When I was growing up in New York, my family watched the “The Ed Sullivan Show” on Sunday evenings at 8 p.m. At school, the following day, the variety show’s jugglers, singers and dancers would be a topic of conversation because everyone else, irrespective of class, race or some other social denominator, also had seen it…in New York, in Arkansas, in the country.

When I was 12, my parents gave me a transistor radio. I listened to Cousin Brucie on WABC and the station’s string of AM hits. Everyone I knew did the same. We all pretended to sing like Diana Ross and the Supremes; we all waited for the next Aretha Franklin song, another inevitable hit. Again, we reaffirmed our view of the world and our place in it.

Books were another social glue. We read what our teachers recommended on summer reading lists.
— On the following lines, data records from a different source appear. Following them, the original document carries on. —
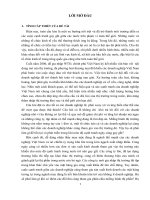 Đề tài nghiên cứu ứng dụng lý thuyết trò chơi để phân tích khả năng cạnh tranh của công ty TNHH may gia nguyễn trên địa bàn các tỉnh miền bắc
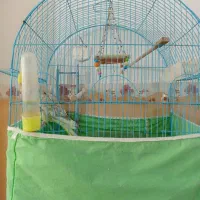 عروس هلندی دستی|پرنده|باروق, |دیوار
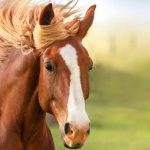 همه چیز در مورد اسب ها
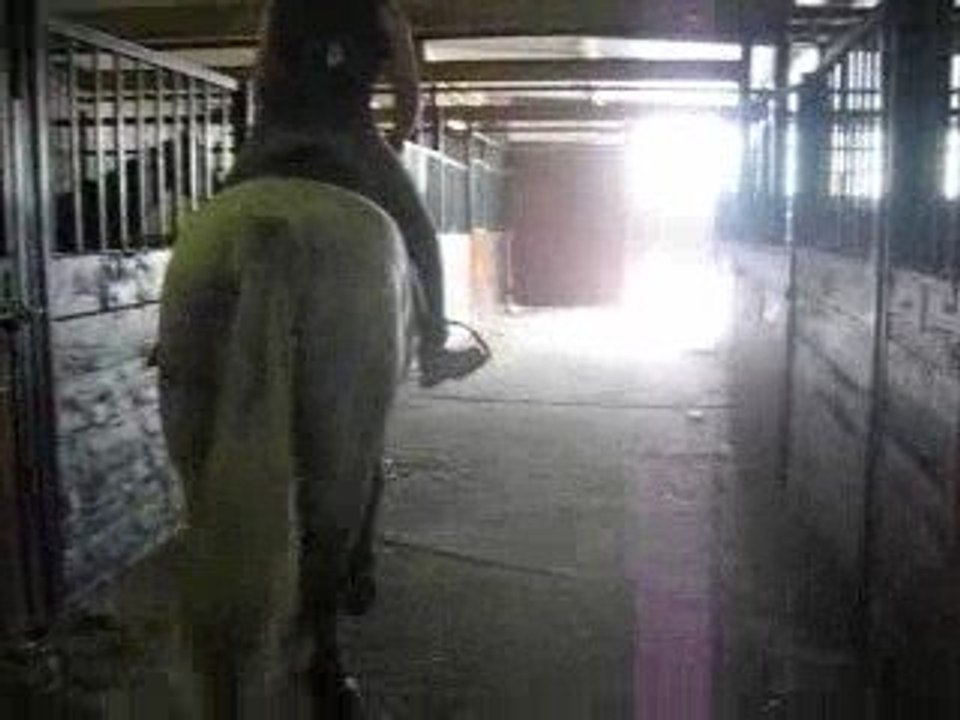 Start up débourrage lundi 13 aout 2009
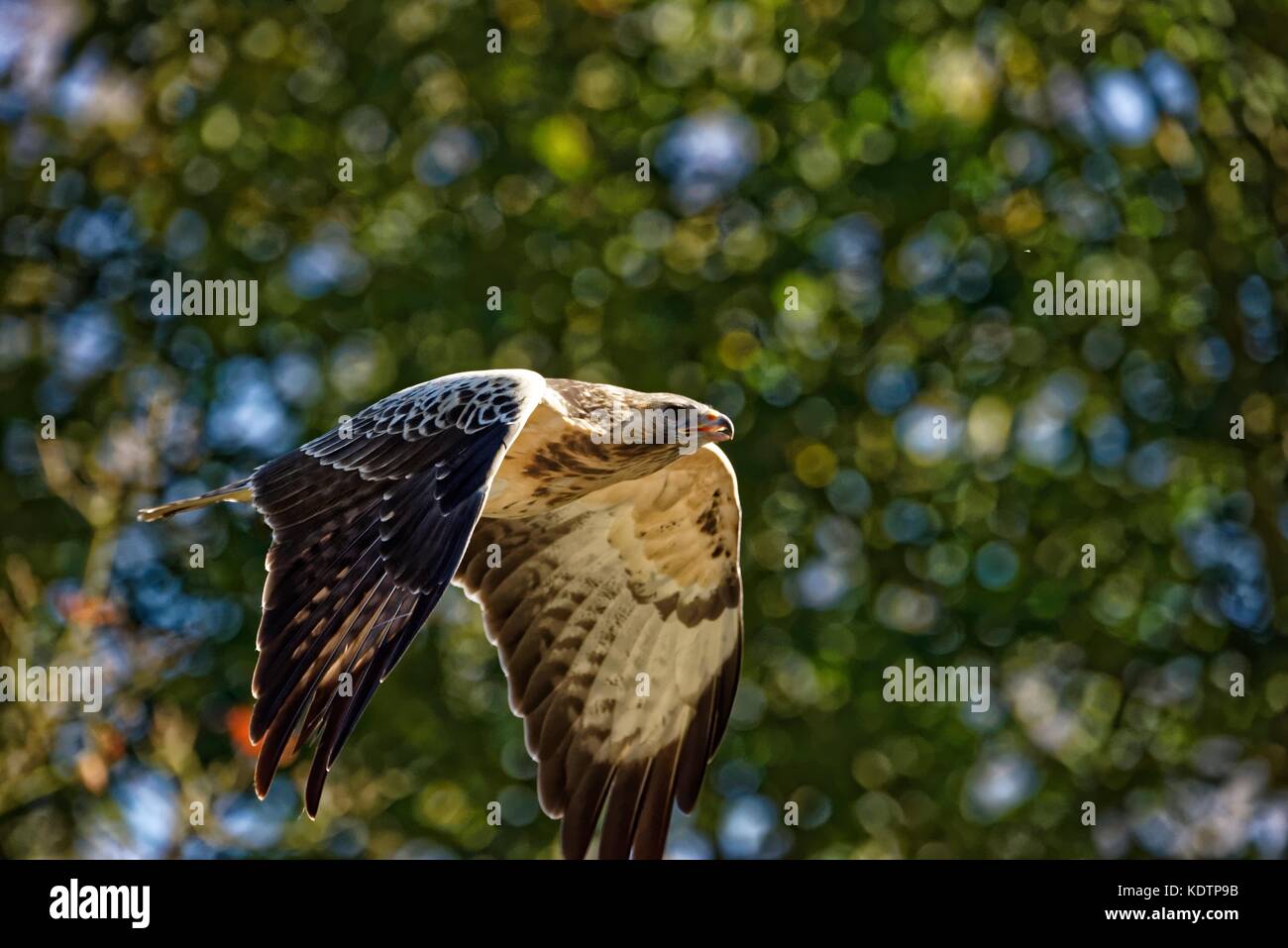Buse variable en voler.(Buteo buteo) Banque D'Images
The lists were remarkably similar wherever you happened to live in the United States.

Today, we have choice.

Television viewers binge on popular series; they view on demand, and they channel surf for long passages of time because they are convinced that there must be something that they want to see on one of their hundreds of channels.
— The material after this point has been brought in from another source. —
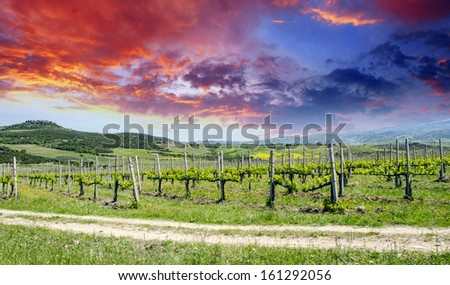 Sunset colors and Landscape above Tuscan Vineyard in Spring, Italy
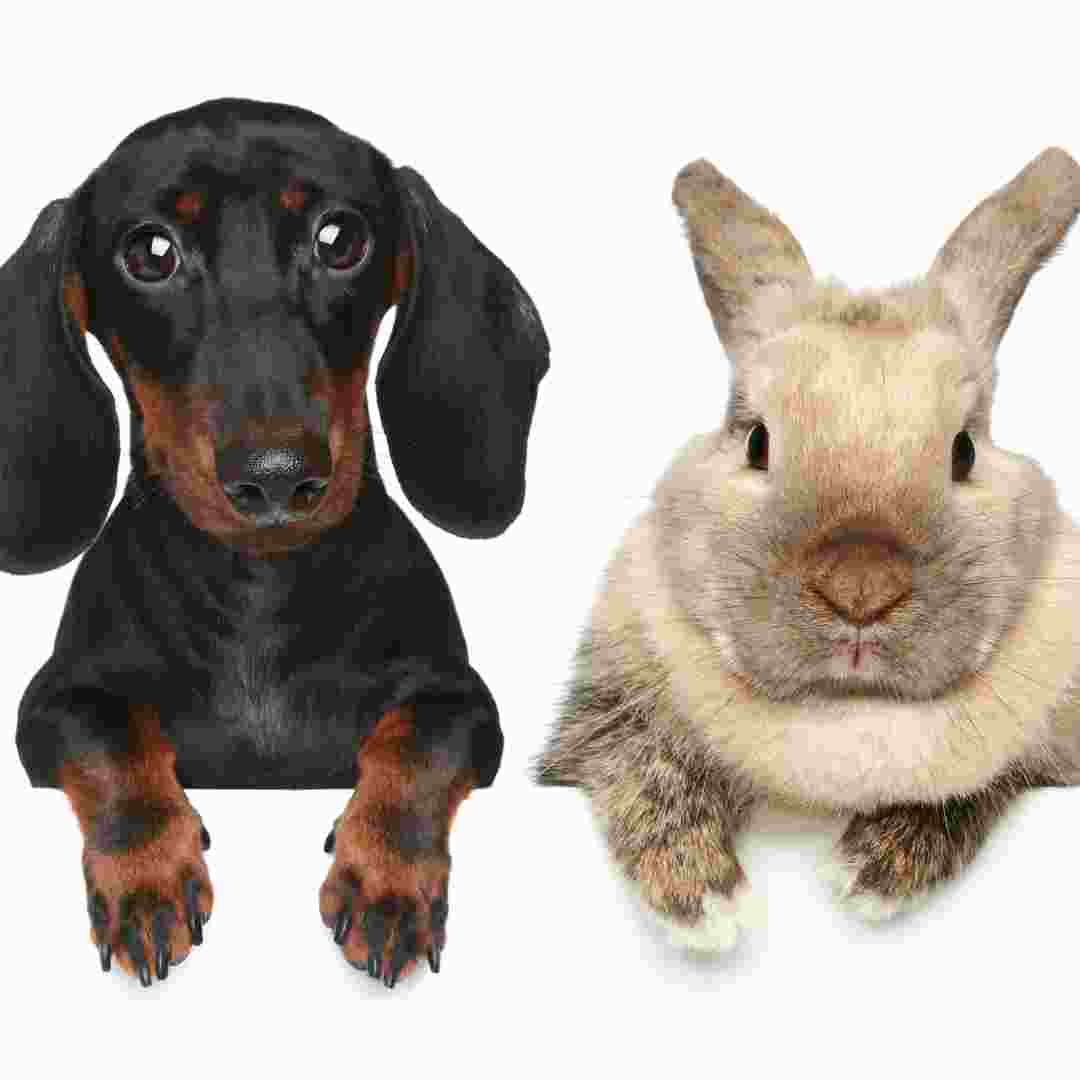 what rabbits are best for pets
For music, listeners compile their personal play lists. They hear many of their “new”, often old, tunes on Spotify or some other music archive. Young people share their music with friends because their choice of music is not the same.

And, not only teachers make book recommendations. Hundreds of “book tubers”, who review books on You Tube, bloggers, who review books on Internet, podcasts, which do audio reviews, and Goodreads, which is an online book club, offer ideas of what book to read next. I am heartened that there are readers enough to proliferate these shows, blogs and audio broadcasts. However, my mind boggles at the number of bookish outlets on the Internet, much less the number of reviewed books.

Today, we have choice.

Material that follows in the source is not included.